### Instructions for the task
Please retype the records below exactly, from the first line through the line containing "Dewdrop Micro-collagen Hydrating", and leave out any pictures.

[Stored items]
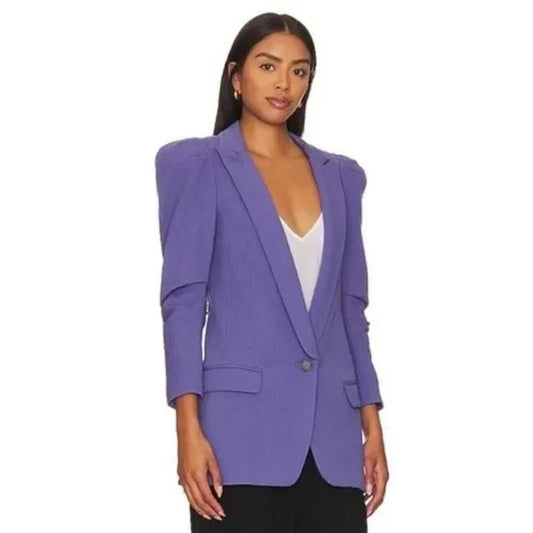 Smythe Texture Scrunch One-Button Blazer, size 2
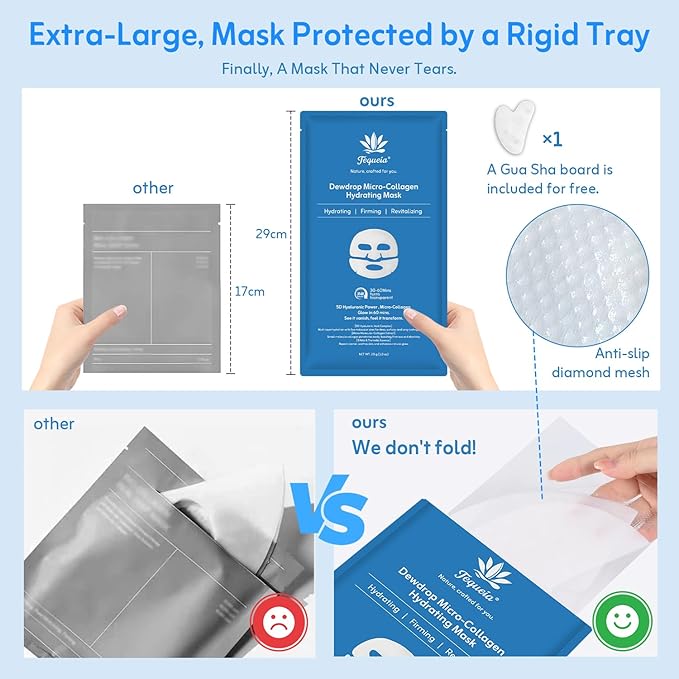 Dewdrop Micro-collagen Hydrating Face Mask by TEQUElA - Two-Piece Transparent Sheet Mask Turns Clear in 30-60 Minutes with 5D Hyaluronic & Tremella Essence for Deep Hydration & Glow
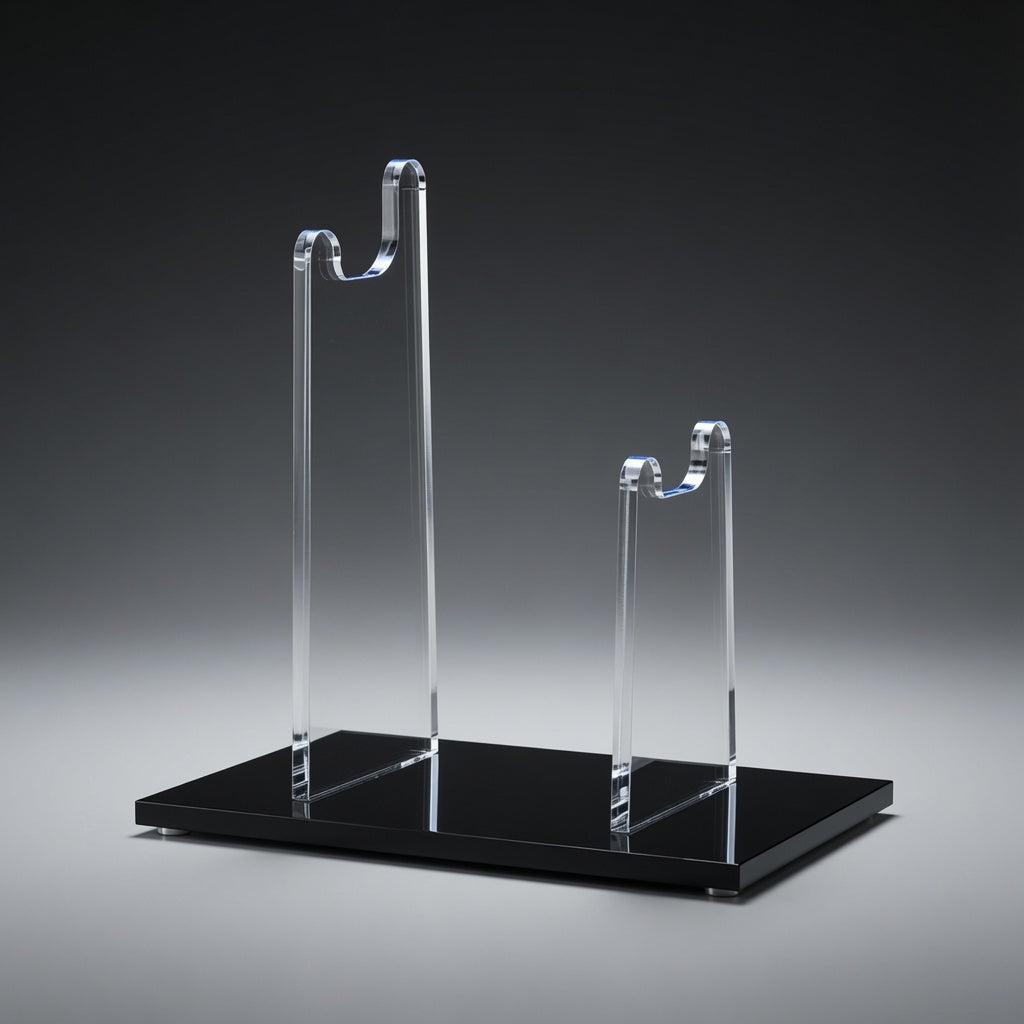 Angled view of the DL-44 blaster display stand showing the clear acrylic riser profile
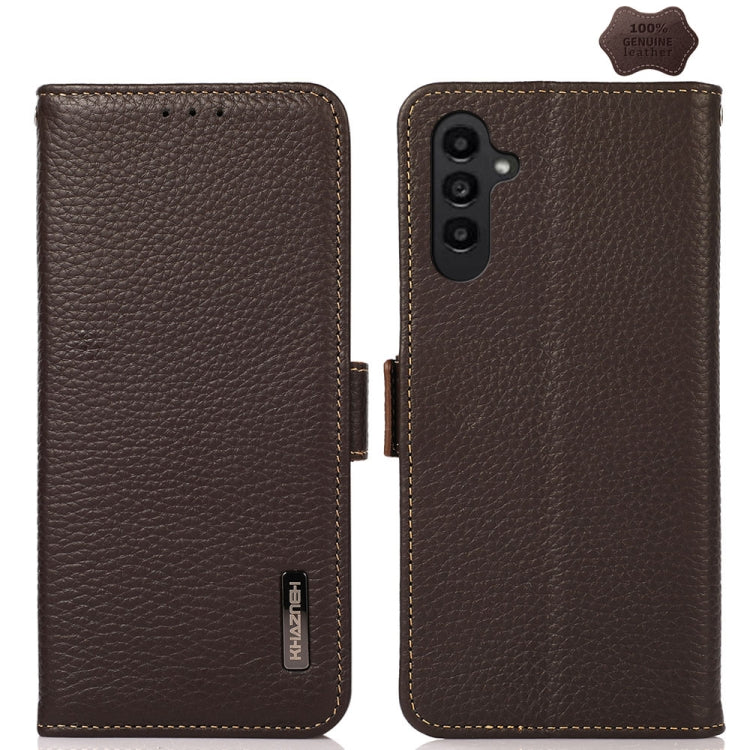 KHAZNEH Custodia per telefono RFID in vera pelle Litchi magnetica laterale, For Samsung Galaxy A15, For Samsung Galaxy A05, For Samsung Galaxy A05s, For Samsung Galaxy M34 5G, For Samsung Galaxy A25 5G Global, For Samsung Galaxy S23 FE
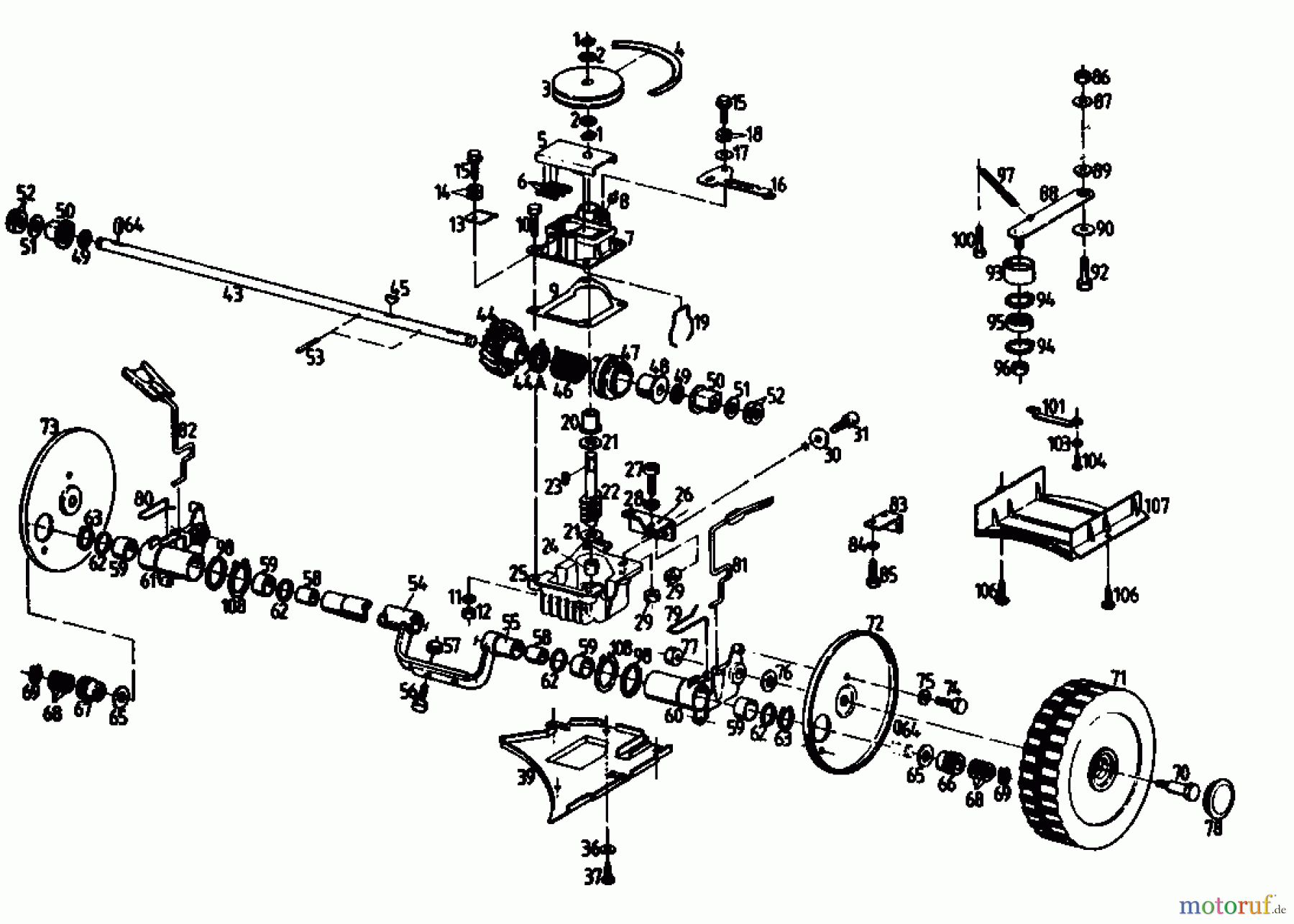  Gutbrod Motormäher mit Antrieb HB 47 R-4 BS 04001.01  (1992) Getriebe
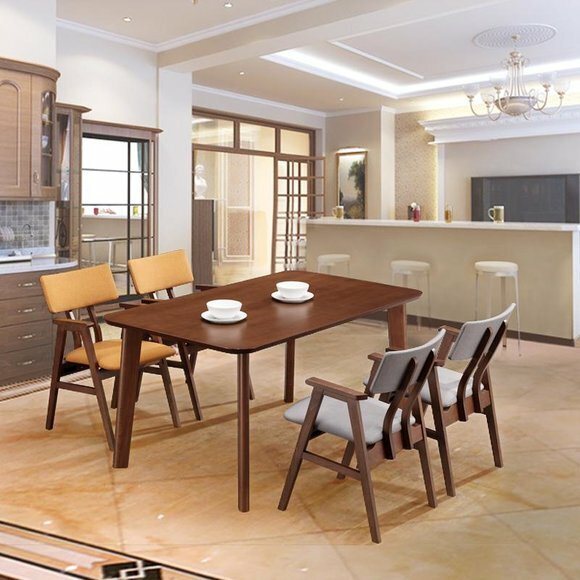 Design Holz Ess Tisch + 4 Stühle Lehn Stuhl Wohn Zimmer Garnitur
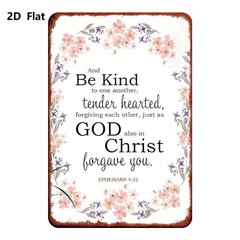 Metal Floral Bible Verse Sign 20.32×30.48 cm Rustic
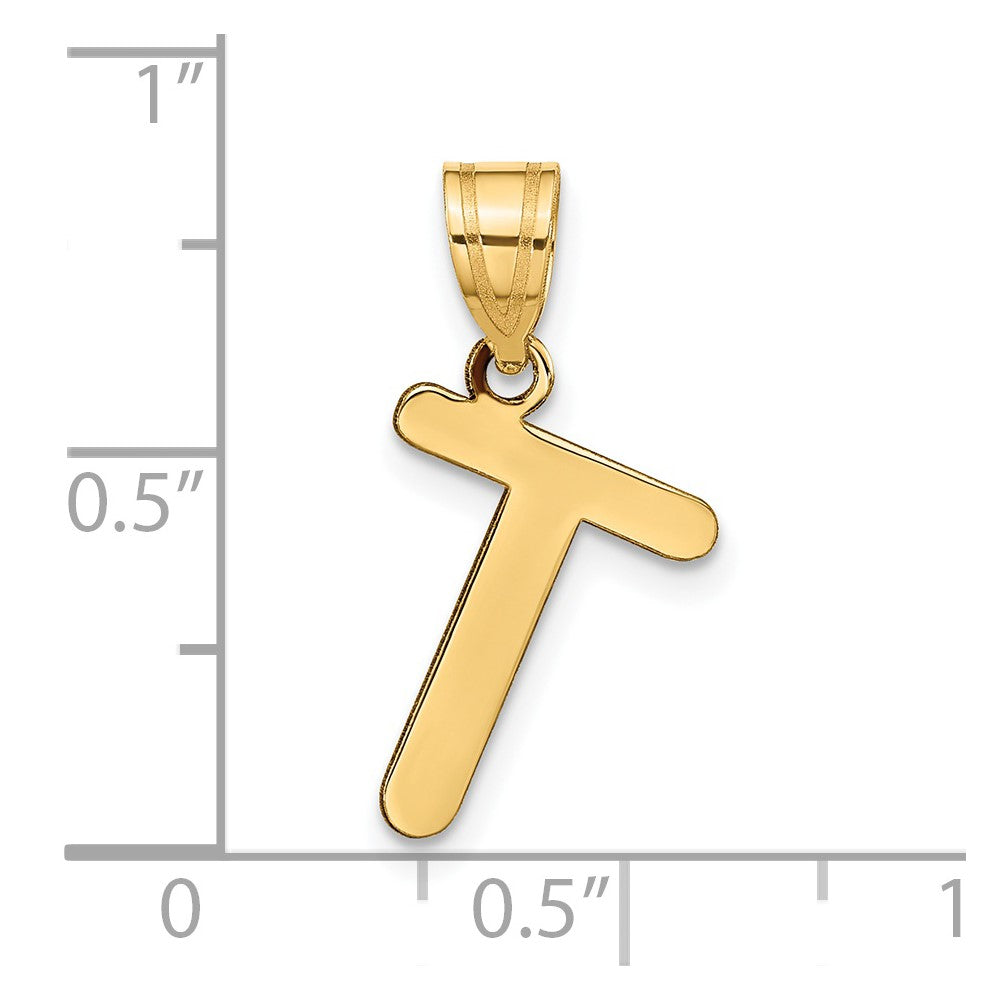 14k Yellow Gold 14k Polished Bubble Letter T Initial Pendant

### Answer to the problem
 Smythe Texture Scrunch One-Button Blazer, size 2
 Dewdrop Micro-collagen Hydrating Face Mask by TEQUElA - Two-Piece Transparent Sheet Mask Turns Clear in 30-60 Minutes with 5D Hyaluronic & Tremella Essence for Deep Hydration & Glow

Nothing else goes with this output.